▶ Data shown:

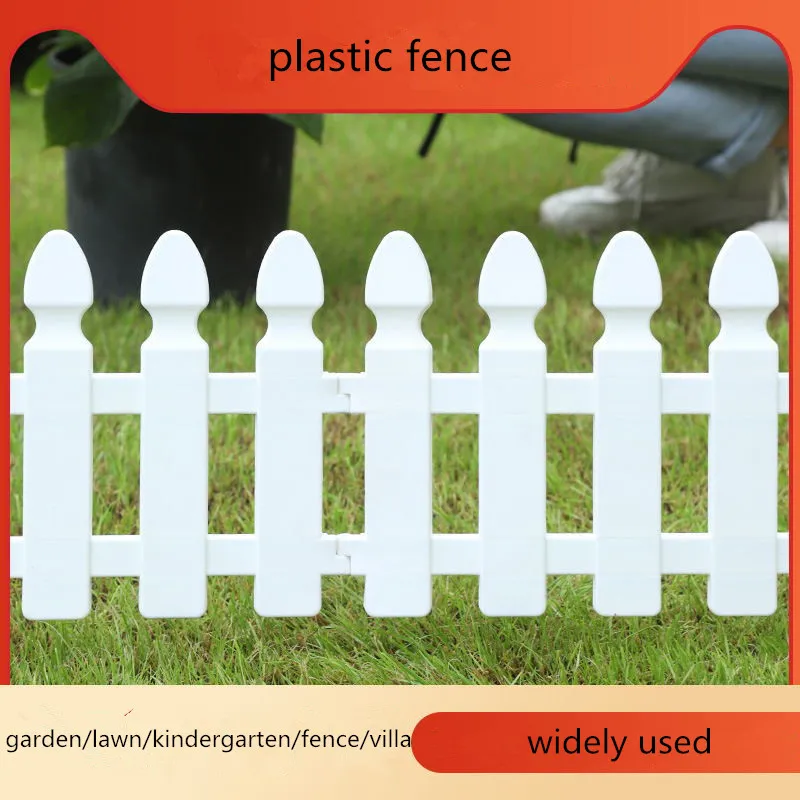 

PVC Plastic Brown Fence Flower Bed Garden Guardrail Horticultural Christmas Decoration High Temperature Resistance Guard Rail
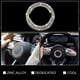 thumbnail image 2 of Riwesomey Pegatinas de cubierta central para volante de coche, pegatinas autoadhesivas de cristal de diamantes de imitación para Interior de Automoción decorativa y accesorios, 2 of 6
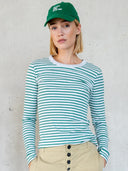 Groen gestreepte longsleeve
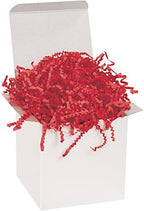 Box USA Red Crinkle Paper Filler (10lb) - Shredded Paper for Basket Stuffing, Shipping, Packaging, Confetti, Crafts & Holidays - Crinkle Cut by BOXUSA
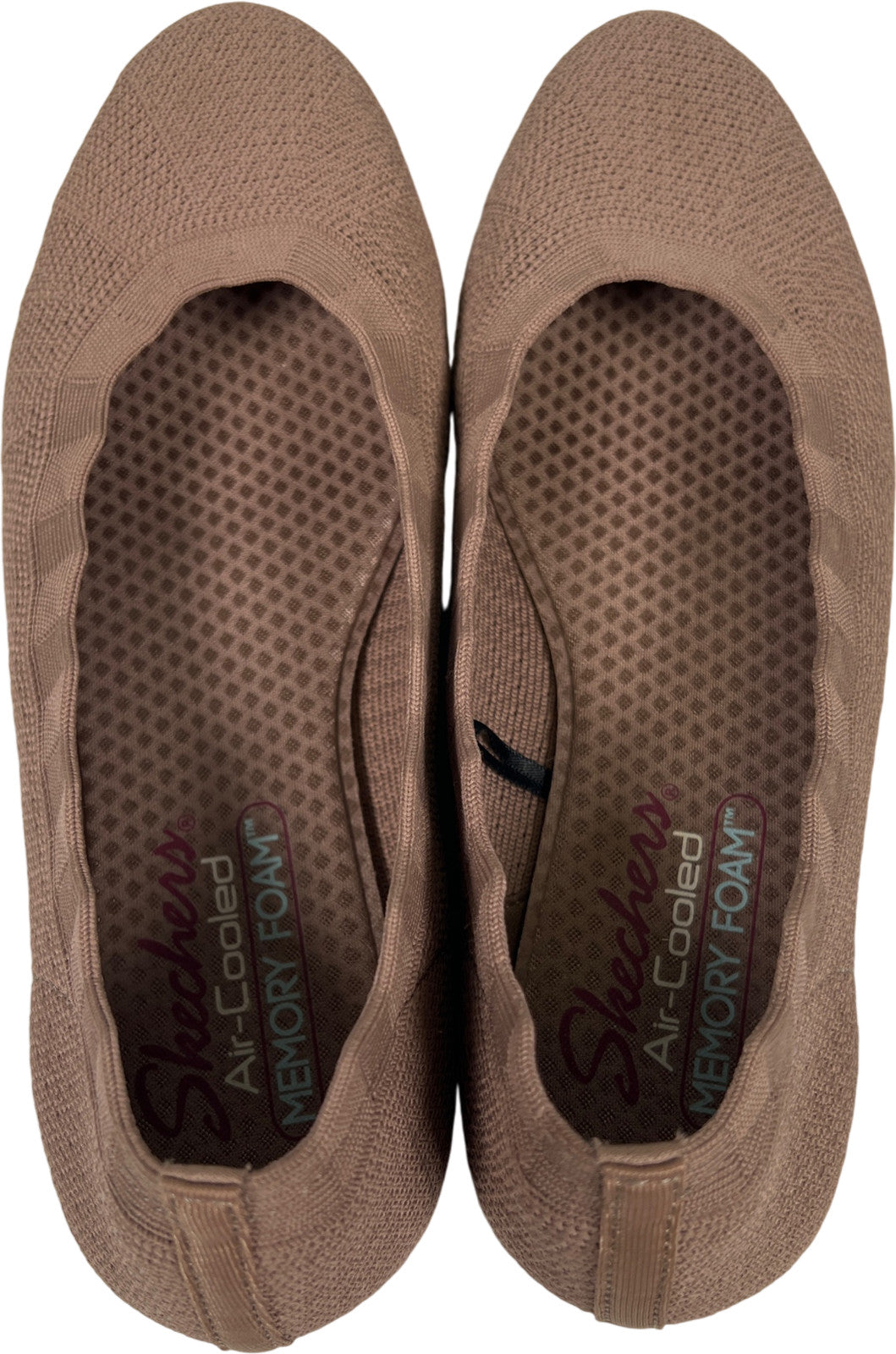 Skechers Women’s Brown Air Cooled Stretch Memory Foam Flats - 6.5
--
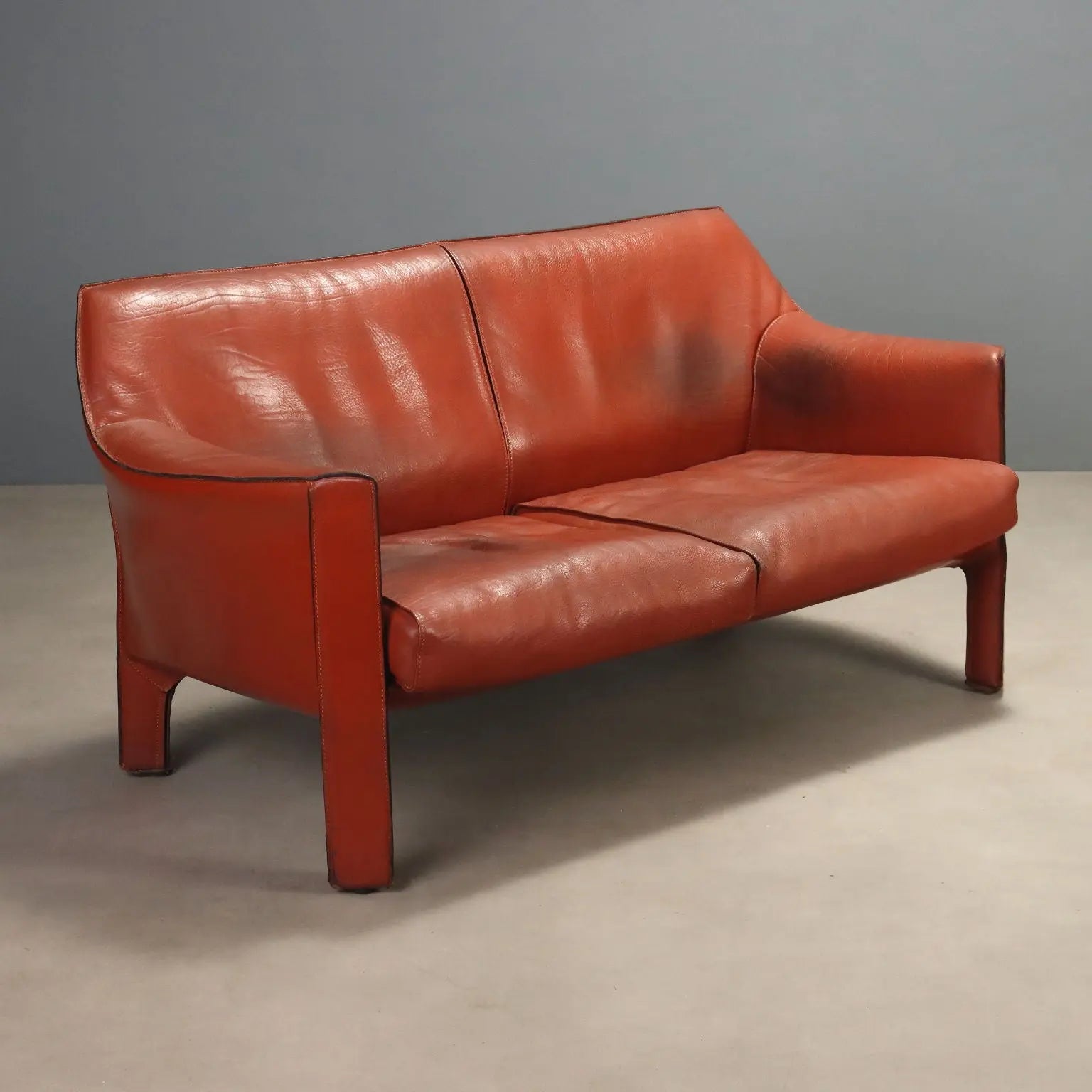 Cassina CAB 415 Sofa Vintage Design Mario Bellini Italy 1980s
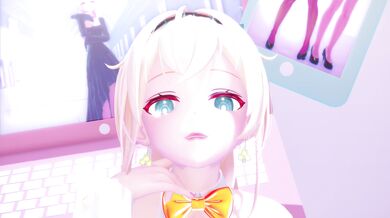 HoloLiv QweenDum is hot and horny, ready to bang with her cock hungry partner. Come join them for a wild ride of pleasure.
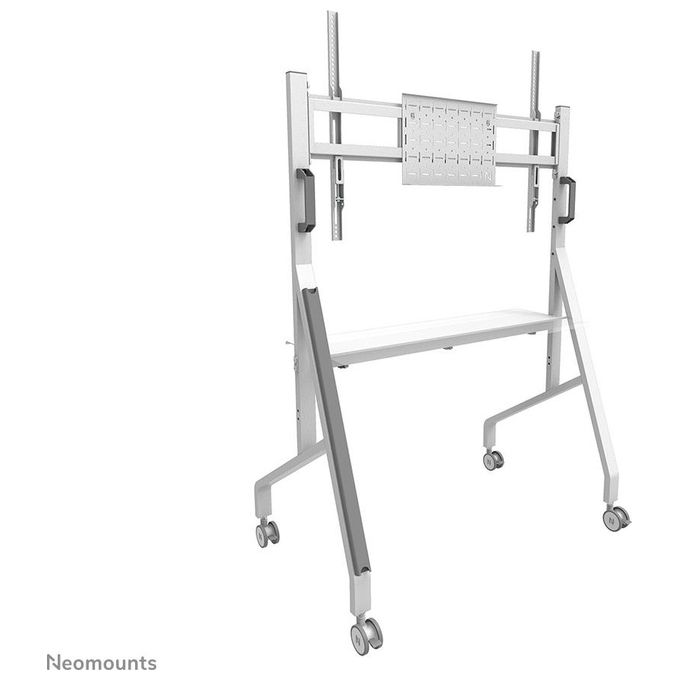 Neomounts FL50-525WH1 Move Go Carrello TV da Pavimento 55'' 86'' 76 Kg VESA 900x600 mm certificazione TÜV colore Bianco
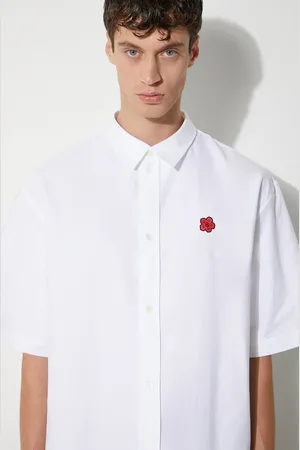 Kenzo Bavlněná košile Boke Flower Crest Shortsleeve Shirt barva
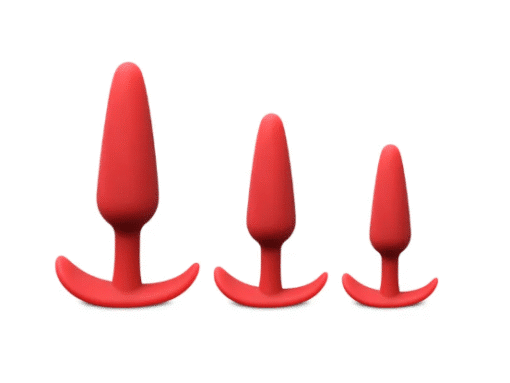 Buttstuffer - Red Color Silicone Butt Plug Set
---
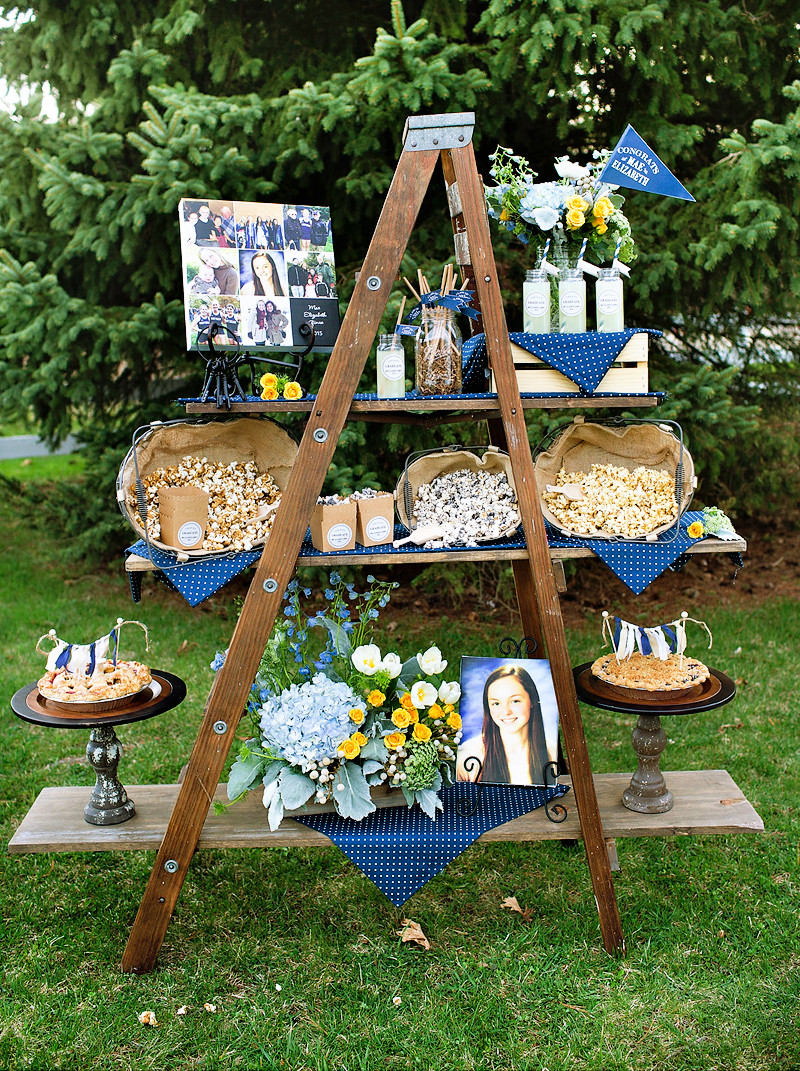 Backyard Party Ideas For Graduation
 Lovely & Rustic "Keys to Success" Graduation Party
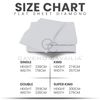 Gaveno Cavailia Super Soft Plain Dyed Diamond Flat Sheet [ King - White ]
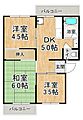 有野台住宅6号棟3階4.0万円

▶ Try it: Reproduce the listing above only between the lines holding "thumbnail image 2" and "Skechers Women’s Brown", inclusive. Every line must match exactly, and pictures are dropped.

▶ Solution for this task:
 thumbnail image 2 of Riwesomey Pegatinas de cubierta central para volante de coche, pegatinas autoadhesivas de cristal de diamantes de imitación para Interior de Automoción decorativa y accesorios, 2 of 6
 Groen gestreepte longsleeve
 Box USA Red Crinkle Paper Filler (10lb) - Shredded Paper for Basket Stuffing, Shipping, Packaging, Confetti, Crafts & Holidays - Crinkle Cut by BOXUSA
 Skechers Women’s Brown Air Cooled Stretch Memory Foam Flats - 6.5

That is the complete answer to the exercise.